AC chargers and wallboxes
These chargers – sometimes called wallboxes – are usually found in homes or offices and draw power from the building’s existing alternating-current (AC) electricity supply. The charging rates AC chargers can achieve are quite a lot lower than those found at DC fast chargers – usually around 7kW – although some designs can go as high as 22kW if you have access to a beefed-up three-phase AC power supply.
Between the lower charging rates and the fact that your EV’s on-board charger will need to convert the incoming AC power into DC for the battery pack, AC chargers take a lot longer to charge an EV. Typical charge times can be 12 hours or longer for a full 100% charge from flat, but these rates will usually be plenty for EV owners that can charge at work, or overnight at home.
You can also charge an electric car using a normal household plug socket, but this is regarded as a last-resort option by many carmakers because it takes such a long time. EVs with medium-sized or large batteries can take 24 hours or more to fully charge from a three-pin plug. Make sure you don’t use an extension cable, as this could be unsafe.

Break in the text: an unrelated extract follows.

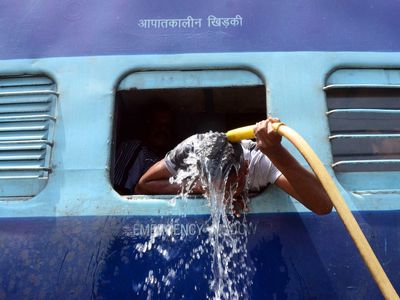 A man cools off using a water pipe at a train station in Allahabad, India.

Types of charging connector
Different charging connector standards have sprung up around the globe which, annoyingly, means EVs from certain parts of the world might not be able to charge if they’re imported to another country. Thankfully, some standardisation has begun to take hold and, in the UK, you’ll probably only encounter CCS 2 type connectors. Connector types include:
CCS 2 stands for Combined Charging System 2 and this connector has become the de-facto standard in the UK and Europe. All new EV models sold here will come with this connector as standard. It has two elements – the upper part can be used for AC charging, while the lower section must also be connected to allow for DC fast charging.
Type 2 (Mennekes)
A Type 2 or Mennekes connector – after the German company that invented it – is the predecessor to CCS 2. Type 2 connections don’t have the DC fast charging portion of the connector so can only handle slower AC charging rates.
This somewhat mangled brand name stands for Charge de Move. The connector was developed in Japan and was, at one point, the most viable competitor to CCS 2 charging in Europe. This connector is most commonly found on Nissan Leaf models, as an early pioneer of the EV segment, but is rapidly falling out of favour in Europe and the UK.
CCS 1 is, like its European counterpart, becoming the de facto charging standard in North America. The upper portion of the CCS 1 connector is essentially the same as the J1772 connector covered below, with the same DC fast charging lower connector as found on CCS 2 sockets.
J1772 is a connector standard that was used in North America before DC fast charging necessitated the upgrade to CCS 1. As such, J1772 can only handle AC charging.
As a pioneer in the EV world, charging standards didn’t really exist when Teslas began appearing in greater numbers from 2012 onwards. As a result, the US company opted to create its own connector standard to facilitate its Supercharger high-speed charging network, and this remains the connection standard used for Teslas sold in North America. All Teslas sold in the UK and Europe come with CCS 2 connectors so they’re compatible with most charging points.
GB/T connectors are most commonly used in China, where it has become the nation’s connection standard. This standard supports both AC and DC charging, although you’re unlikely to ever encounter it beyond China.